I am working on a large file (over 2 million rows) in which I would like to remove all titles and suffixes (personal and/or professional) from each of the strings. As you will see from the small test case below, the titles and suffixes appear at different positions with each string.
I have used parts of answers from the following 3 questions:
Negative lookahead on Regex Pattern
regular expression for exact match of a word
How to search for multiple strings and replace them with nothing within a list of strings
test <- c("pan-chr ii", "true ii.", "mr. and mrs panjii", "pans iv prof",
"md trs iv.", "iipan", "a c iii miss clark", "a c iv jones mrs",
"a c jones iv", "a c jr huffman phd.", "a c jr markkula",
"a c sr. goldtrap", "mr & mrs prof dr. a c cjdr iv, esq.",
"false mr petty phd", "abe jr esquibel phd",
"md reginald r dr esquire garcia", "laurence curry, md",
"lawrence mcdonald md phd", "mdonald mr and mrs sebelmd dr jr md phd",
 "(van) der walls")
# test
# [1] "pan-chr ii"                                   

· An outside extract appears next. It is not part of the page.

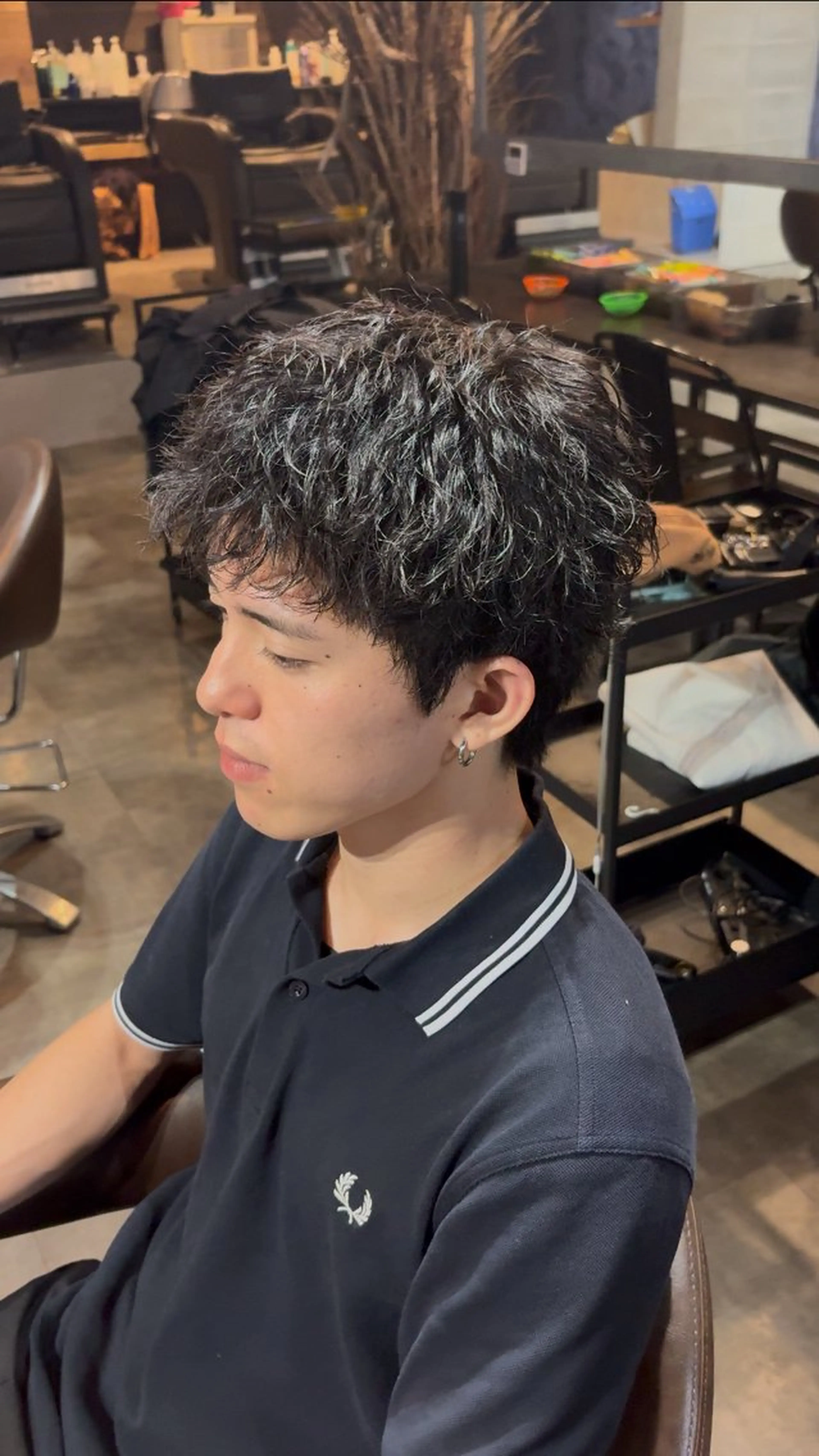 ショート パーマ メンズ カット パーマ Litbyfifth 前里花鈴のヘアスタイル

# [2] "true ii."                                     
# [3] "mr. and mrs panjii"                           
# [4] "pans iv prof"                                 

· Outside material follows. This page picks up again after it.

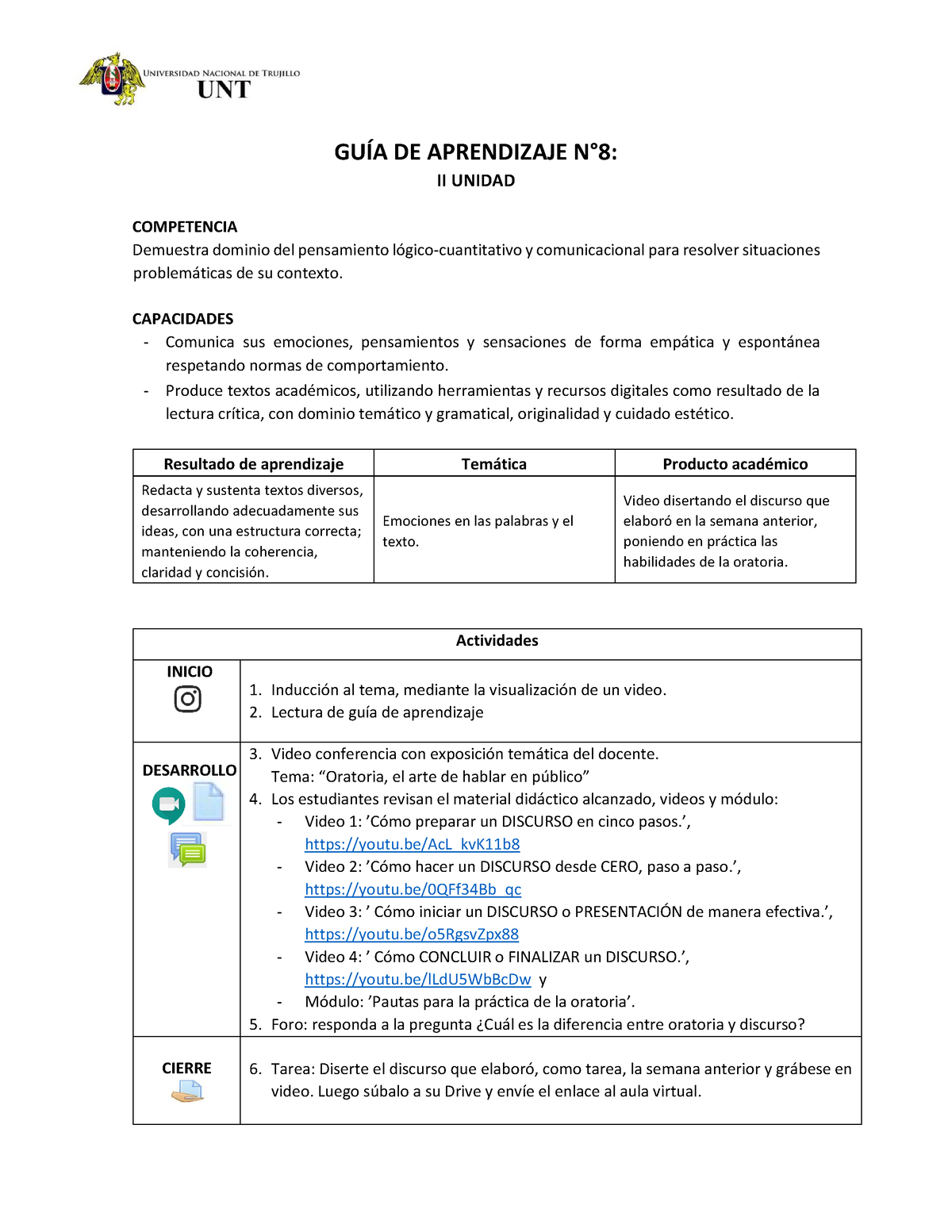 01) Guía De Aprendizaje 08 - GUÍA DE APRENDIZAJE N°8: II UNIDAD ...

# [5] "md trs iv."                                   
# [6] "iipan"                                        
# [7] "a c iii miss clark"                           
# [8] "a c iv jones mrs"                             
# [9] "a c jones iv"                                 
# [10] "a c jr huffman phd."                          
# [11] "a c jr markkula"                              
# [12] "a c sr. goldtrap"                             
# [13] "mr & mrs prof dr. a c cjdr iv, esq."          
# [14] "false mr petty phd"                           
# [15] "abe jr esquibel phd"                          
# [16] "md reginald r dr esquire garcia"              
# [17] "laurence curry, md"                           
# [18] "lawrence mcdonald md phd"                     
# [19] "mdonald mr and mrs sebelmd dr jr md phd"
# [20] "(van) der walls"
testresult <- gsub(",? *(mister|sir|madam|mr\\.|mr|mrs\\.|mrs|ms\\.|
mr\\. and mrs\\.|mr and mrs|mr\\. and mrs|mr and mrs\\.|
mr\\. & mrs\\.|mr & mrs|mr\\. & mrs|mr & mrs\\.|& mrs\\.|and mrs\\.|
and mrs\\.|& mrs|and mrs|ms|miss\\.|miss|prof\\.|prof|professor|
doctor|md|md\\.|m\\.d\\.|dr\\.|dr|phd|phd\\.|esq\\.|esq|esquire|
i{2,3}|i{2,3}\\.|iv|iv\\.|jr|jr\\.|sr|sr\\.|\\(|\\))(?![\\w\\d])", "",
test, perl = TRUE)
# testresult
# [1] "pan-chr"                    "true."                     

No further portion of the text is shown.